QUANDO FACEBOOK DICE NO
Ma ecco che dopo aver lanciato la campagna anche su Facebook, Curvy Kate si è vista rimuovere la foto di gruppo che radunava le otto modelle poiché violava le norme pubblicitarie della piattaforma. «Non si permettono atti sessuali, video sessuali, strip club e show per adulti», hanno fatto sapere i censori.

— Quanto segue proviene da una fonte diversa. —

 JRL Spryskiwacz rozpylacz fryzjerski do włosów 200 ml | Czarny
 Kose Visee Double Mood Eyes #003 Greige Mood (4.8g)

Eppure nella foto non sono presenti donne nude. Il verdetto negativo, secondo la casa di moda, sarebbe dovuto soprattutto alla presenza della trans. Ecco che dopo questo blocco, dal 21 luglio l’azienda non può più promuovere post su Facebook, sebbene la piattaforma continui ad invitarla a pagare per promuoverne di nuovi.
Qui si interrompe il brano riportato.